I’d been just about to ask her about the jacuzzi in Berlin, but now didn’t seem like the right time.
Uncle Fergus had the observatory built back in 1974 (when the heavenly Verity was four). The idea was two-fold. First of all - according to my father - Fergus wanted a bigger and better telescope than he had. Dad had a three-inch refractor in a shed in the garden at Lochgair. Fergus ordered a six-inch reflector. Also, it was a business sample. The lenses and mirror were to be made in the new Specialist Glass Division of the Gallanach Glass Works, the Urvill-owned factory which even yet provides the town with a significant proportion of its employment. Not only, therefore, would Uncle Fergus have a fascinating and unique additional feature for his not-long restored castle, it would be both an advertisement for his Glass Works and tax-deductible!

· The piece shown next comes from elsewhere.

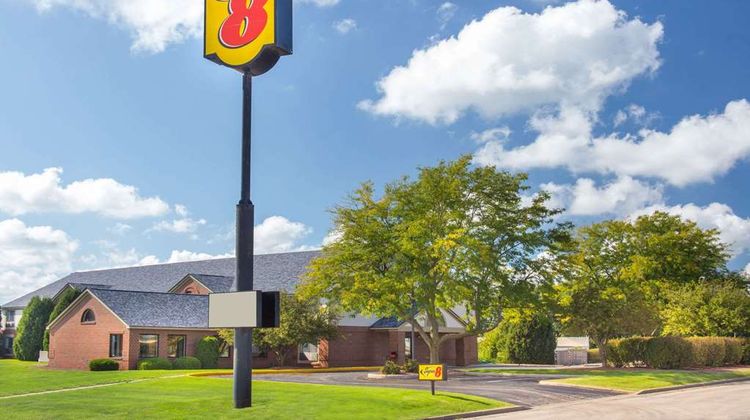 Super 8 Dodgeville Exterior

The fact the telescope was a wee bit close to Gallanach itself, and so possibly prone to light pollution from the town’s sodium vapour lamps, was less of a problem than it might appear; with Uncle Fergus’s connections he could have the offending lamps shaded at the council’s expense. So Uncle Fergus was prepared if necessary - and only selectively, of course - to dim his home town.
(His niece had already bettered that; when the diminutive, bloody and bawling form of Verity Walker had appeared on the scene, the lights had actually gone out.)
I’d met the sublime Verity for the first time in some years in the observatory, one coal-sack-black moonless night in 1986, a few days before I left to go to University, when I was already full of the exhilaration and fear of departure and independence, and the whole huge world seemed to be opening up before me, like some infinite blossom of opportunity and glamour. The twins had taken to having star-gazing parties in the cold, cramped hemisphere which protruded from the summit of the compact castle, and I’d arrived late after being out on the hill with little brother James during the afternoon and then suffering a delayed tea because some friends of dad’s had showed up unannounced and had to be catered for.